After Capital One’s decision this week to halt future credit card linkage to BNPL plans because of concerns that they carry risks consumers don’t understand, Molnar said the mandate will not hurt Afterpay.

“Ninety percent of our transactions are paid with a debit card, not a credit card,” Molnar said. “We’ll obviously continue to engage with Capital One around their decision, but we see no major impact on our business.”

Furthermore, Molnar said that Afterpay’s gross losses over the past 12 months were 1 percent, which is significantly lower than the credit card market, and the company’s average transaction size is only $150.

“Our business model is fundamentally different, so the ability to extract the high-quality consumer who is using the service to be responsible is absolutely what we see,” he noted.

To that point, Molnar said the company’s loyalty program is designed to reward responsibility and timely payment rather than the dollar amount spent.

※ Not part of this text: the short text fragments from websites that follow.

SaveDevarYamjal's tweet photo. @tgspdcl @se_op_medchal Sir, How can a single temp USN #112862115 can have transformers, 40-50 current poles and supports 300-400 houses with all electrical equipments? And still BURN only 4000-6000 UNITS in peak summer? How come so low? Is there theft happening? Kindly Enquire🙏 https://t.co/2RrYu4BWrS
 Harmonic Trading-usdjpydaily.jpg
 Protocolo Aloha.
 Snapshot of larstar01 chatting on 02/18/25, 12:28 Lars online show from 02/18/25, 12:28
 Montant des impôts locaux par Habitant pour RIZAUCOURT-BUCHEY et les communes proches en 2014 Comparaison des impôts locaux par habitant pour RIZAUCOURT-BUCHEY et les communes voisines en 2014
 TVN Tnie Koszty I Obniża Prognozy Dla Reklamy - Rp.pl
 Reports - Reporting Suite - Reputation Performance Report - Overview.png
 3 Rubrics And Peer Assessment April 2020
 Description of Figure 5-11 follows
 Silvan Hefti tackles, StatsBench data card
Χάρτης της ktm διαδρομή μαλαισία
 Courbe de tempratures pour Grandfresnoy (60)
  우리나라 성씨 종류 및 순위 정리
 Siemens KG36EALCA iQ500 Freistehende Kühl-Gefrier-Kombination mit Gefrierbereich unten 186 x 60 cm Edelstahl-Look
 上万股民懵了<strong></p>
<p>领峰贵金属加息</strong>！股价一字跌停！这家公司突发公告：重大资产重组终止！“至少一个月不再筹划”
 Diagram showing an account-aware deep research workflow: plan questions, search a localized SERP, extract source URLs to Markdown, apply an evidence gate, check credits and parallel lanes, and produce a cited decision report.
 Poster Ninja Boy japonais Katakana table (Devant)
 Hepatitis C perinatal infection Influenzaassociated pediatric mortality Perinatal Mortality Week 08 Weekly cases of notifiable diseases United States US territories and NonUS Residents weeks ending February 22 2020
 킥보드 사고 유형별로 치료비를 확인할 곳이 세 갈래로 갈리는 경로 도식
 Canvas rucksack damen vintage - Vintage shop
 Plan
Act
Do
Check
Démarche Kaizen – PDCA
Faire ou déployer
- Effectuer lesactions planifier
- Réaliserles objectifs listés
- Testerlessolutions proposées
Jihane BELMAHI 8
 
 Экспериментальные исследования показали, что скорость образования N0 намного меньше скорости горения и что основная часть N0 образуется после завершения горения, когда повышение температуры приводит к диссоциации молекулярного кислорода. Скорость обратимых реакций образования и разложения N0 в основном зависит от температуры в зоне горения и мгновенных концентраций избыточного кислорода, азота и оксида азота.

“The most important advantage we have is that we never started life as a finance company,” he said. “We never use a soft or hard credit check. We never upsell an interest-bearing credit product, and our business is always interest-free. So, there’s just a distinctive DNA and different business model based on our upbringings.”

Demographic Demand

While it can be argued whether BNPL plans are risky or cause people to spend more, what can’t be denied is the newfound popularity and convenience of the season’s hottest payment choice.

“There’s no doubt that buy now, pay later is mainstream now, and it’s the fastest-growing way to pay in the developed world,” Molnar said.

But perhaps even more importantly, BNPL is also proving to be very popular among younger shoppers aged 25 to 40.

“The ability to be a marketing channel for the hardest-to-reach customer base, the millennial and Gen-Z cohort, is really a privileged position to be in,” Molnar said.

In fact, unlike the high-rate, high-fee relationships that many consumers have with traditional banks and creditors, Afterpay has somehow managed to fall into a different relationship with its customers.

“The most used word in our App Store review is ‘love,'” Molnar boasts. “That’s why people are now starting their shopping journey on our directory, at or on our app.”

As a result, the company has found itself in a very unique position of winning affection from both retailers and consumers. “Staying true to our values is critical,” Molnar said.

Expansion Opportunities

Beyond Afterpay’s efforts to expand to new global markets while adding more consumers and retailers along the way, Molnar said the year ahead will be focused on adding new categories.

In Australia, for example, Afterpay can be used to buy airline tickets and pay for dental appointments.

“The ability for someone to get healthcare when they need it and have Afterpay be there to help them budget is key,” he said. “It’s not just about buying a fashion garment — it’s about using our site for all the facets of your life in a way that is helpful.”

To that point, the company has just signed a partnership deal with Westpac Bank, and Molnar said there will likely be similar ventures in the future.

“There’s certainly an opportunity for us to expand our retail products category and acceptance network, and that will be a core focus for us in 2021,” he said.